Absolute lymph flux rates varied with lymph sac injection site (P<0.0001, two-way ANOVA). The linear regression with time of Evans Blue (mean R²=0.87) and absolute lymph flux rates (0.8±0.07 ml kg^–1 min^–1) were greatest with Evans Blue injections into the subvertebral lymph sac compared with femoral (P<0.001), crural (P<0.001) and brachial lymph sacs (P<0.0001, Fig. 3). Injection volume did not influence lymph flux rates in any lymph sac, except in the crural lymph sac (P<0.0013). The appearance of Evans Blue varied linearly with time (mean R²=0.70), and the absolute lymph flux rates were the lowest (0.1±0.05 ml kg^–1 min^–1) in the brachial sac. The appearance of Evans Blue following injection into the femoral lymph sac varied with time (mean R²=0.83) and the lymph flux rates (0.65±0.06 ml kg^–1 min^–1), and were not different from the 1% crural lymph sac flux rates (0.56±0.05 ml kg^–1 min^–1) but were greater than the 0.1% crural lymph sac rates (0.15±0.06 ml kg^–1 min^–1). The Evans Blue appearance from crural lymph sac injections varied linearly with time (mean R²=0.73). Lymph flux rates of the crural sacs were proportional to injection volumes, and hence pressure (P<0.013, Fig. 4).
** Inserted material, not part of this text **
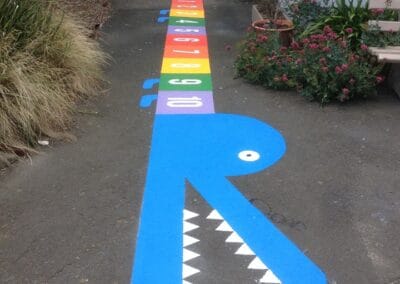 Playground Crocodile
A haemorrhage equivalent to 3% of the initial body mass had no effect (P=0.46, two-way ANOVA) on lymphatic flux rates from the femoral lymph sacs in either control or with the combinations of tendon ablation (Fig. 5); hence, all haemorrhage and control data were included in the subsequent analyses. Control rates of femoral lymph flux were 0.51±0.06 ml kg^–1 min^–1. The ablation of bilateral insertion tendons of the piriformis on the urostyle had no effect on the mean rates of lymphatic return (0.50±0.07 ml kg^–1 min^–1). The same was true of simultaneous ablation of the origin tendons of the abdominal crenator and sphincter ani cloacalis on femoral lymphatic fluxes (0.59±0.12 ml kg^–1 min^–1). By contrast, ablation of the tendons from all three muscles significantly reduced lymphatic flux rates (0.22±0.04 ml kg^–1 min^–1) following femoral sac injections (P<0.01, Fig. 5). The insertion of flexible coils in the subvertebral lymph sac significantly reduced (P<0.0004, Fig. 6) femoral lymph flux rates from 0.54±0.06 to 0.17±0.05 ml kg^–1 min^–1 but not brachial sac fluxes.

The major difficulty in the application of Evans Blue injections into specific lymph sacs to achieve quantitative estimates of a lymphatic volume flux is the estimation of the actual lymphatic Evans Blue concentration that the lymph hearts pump. Previous attempts using Evans Blue dye dilution (Bonetto et al., 1981: Baldwin et al., 1990: Malvin et al., 1995) simply measured the change in plasma Evans Blue concentration with time. This allows a determination of a change in lymph flux but, without an estimate of lymphatic dilution and plasma volume, this cannot provide a quantitative estimate of the lymphatic flux. We used an estimate of 61 ml kg^–1 for plasma volume (Hillman et al., 2010). The apparent lymph dilution volume at 15 min (C₂) was used as the mean concentration of Evans Blue in the lymph. The 15 min time point was approximately the midpoint for the 25–30 min flux determinations.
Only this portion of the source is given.